Ed Sanders is not short on anecdotes. The poet, musician, Charles Manson
target and political gadfly has been called the bridge between the
beatniks and the hippies, chumming around with friends Lawrence
Ferlinghetti and Allen Ginsberg in the North Beach of the early ’60s,
then hanging out backstage with the likes of Hendrix and Jim Morrison in
the latter part of that packed decade.
Sanders was in Prague last week as an early teaser to next summer’s
Prague Writers’ Festival, an event that will be wholly focused on that
annus terribilis, 1968 -- a year Sanders remembers very well.“It was a
strange, schizophrenic time,” Sanders told an audience that gathered for
his slide lecture at the American Center. “There was all this
revolutionary fervor, and then there was all the rest.”That “rest” was
considerable: Vietnam, massacres in My Lai and Mexico City, Biafra, the
assassinations of Martin Luther King Jr and Robert F. Kennedy, the
bloody riots at the Democratic Convention in Chicago, not to mention
epic riots in Paris and London. In New York City, writer Valerie Solonas
gunned down Andy Warhol, while in Baghdad a coup d’ιtat propelled a
young, unknown man named Saddam Hussein into power.

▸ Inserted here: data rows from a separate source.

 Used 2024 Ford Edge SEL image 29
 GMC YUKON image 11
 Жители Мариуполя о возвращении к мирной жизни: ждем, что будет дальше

For Czechs, 1968 can never be forgotten, of course, as that was the year
the armies of the Warsaw Pact parked tanks on Wenceslas Square to crush
the Prague Spring. “Terrible times and things,” Sanders reminded the
crowd, “and yet in the middle of the madness the Beatles could release
their great White Album.”
Meeting with Sanders is like meeting up with the past itself,
particularly the part that lived in the trenches and on the barricades
where history is made.
Yet nearing his 70th year, Sanders still possesses a surprising
youthfulness, energetically producing new books, CDs and his own line of
microtonal musical instruments. “I was looking forward to going to the
Golden Bards’ Old Folks Home,” he quips, “but things are such that you
have to keep working to keep from winding up on the streets.”
The other culture
After hitchhiking out of the plain Great Plains for the cosmopolitan
stew of Greenwich Village, Sanders wrote his first poem on prison toilet
paper after being arrested for protesting nuclear proliferation in 1961.
His passion for poetry and political activism were born as fraternal
twins. “A wise person once told me to dare to be a part of the history
of your era,” he says. “I took it seriously.”
In Greenwich Village, he launched the avant-garde journal Fuck You: A
Journal of the Arts (a platform for late Modernists and fellow beats)
and opened the Peace Eye Bookstore, which the NYPD promptly raided on
grounds of obscenity, leading Sanders back to jail and onto the cover of
Life magazine, which dubbed him a “leader of New York’s other culture.”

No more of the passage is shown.